Reproduce exactly, from the data that follows, the line with "Μαγνητάκι Guts", the line with "ELMATEPE MAHALLESİNDE TEMMUZ", and every line that lies between them.

*** Opening of Records for this task ***

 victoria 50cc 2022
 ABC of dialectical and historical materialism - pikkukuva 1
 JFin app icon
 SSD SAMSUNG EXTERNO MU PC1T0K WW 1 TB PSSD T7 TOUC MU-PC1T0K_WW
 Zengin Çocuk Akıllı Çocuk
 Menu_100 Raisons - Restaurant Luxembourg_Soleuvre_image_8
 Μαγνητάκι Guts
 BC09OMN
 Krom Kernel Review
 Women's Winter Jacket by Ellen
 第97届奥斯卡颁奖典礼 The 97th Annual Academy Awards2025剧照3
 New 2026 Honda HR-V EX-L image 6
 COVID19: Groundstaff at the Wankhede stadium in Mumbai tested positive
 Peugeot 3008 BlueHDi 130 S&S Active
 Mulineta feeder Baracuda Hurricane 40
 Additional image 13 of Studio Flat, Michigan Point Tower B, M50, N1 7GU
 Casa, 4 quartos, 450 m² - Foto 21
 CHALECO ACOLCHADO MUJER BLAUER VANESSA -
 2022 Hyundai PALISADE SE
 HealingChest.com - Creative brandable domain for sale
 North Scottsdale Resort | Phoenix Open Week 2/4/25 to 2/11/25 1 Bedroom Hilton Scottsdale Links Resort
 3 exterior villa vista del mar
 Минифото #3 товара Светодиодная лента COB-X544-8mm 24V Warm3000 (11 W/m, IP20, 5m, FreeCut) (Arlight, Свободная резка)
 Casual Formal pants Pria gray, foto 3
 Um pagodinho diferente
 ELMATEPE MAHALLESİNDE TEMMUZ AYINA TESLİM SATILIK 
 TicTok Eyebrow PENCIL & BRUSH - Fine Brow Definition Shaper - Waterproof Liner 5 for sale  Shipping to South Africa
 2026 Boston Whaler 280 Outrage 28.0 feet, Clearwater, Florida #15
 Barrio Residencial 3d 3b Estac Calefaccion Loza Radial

*** Close of Records for this task ***

__Solution__.
 Μαγνητάκι Guts
 BC09OMN
 Krom Kernel Review
 Women's Winter Jacket by Ellen
 第97届奥斯卡颁奖典礼 The 97th Annual Academy Awards2025剧照3
 New 2026 Honda HR-V EX-L image 6
 COVID19: Groundstaff at the Wankhede stadium in Mumbai tested positive
 Peugeot 3008 BlueHDi 130 S&S Active
 Mulineta feeder Baracuda Hurricane 40
 Additional image 13 of Studio Flat, Michigan Point Tower B, M50, N1 7GU
 Casa, 4 quartos, 450 m² - Foto 21
 CHALECO ACOLCHADO MUJER BLAUER VANESSA -
 2022 Hyundai PALISADE SE
 HealingChest.com - Creative brandable domain for sale
 North Scottsdale Resort | Phoenix Open Week 2/4/25 to 2/11/25 1 Bedroom Hilton Scottsdale Links Resort
 3 exterior villa vista del mar
 Минифото #3 товара Светодиодная лента COB-X544-8mm 24V Warm3000 (11 W/m, IP20, 5m, FreeCut) (Arlight, Свободная резка)
 Casual Formal pants Pria gray, foto 3
 Um pagodinho diferente
 ELMATEPE MAHALLESİNDE TEMMUZ AYINA TESLİM SATILIK 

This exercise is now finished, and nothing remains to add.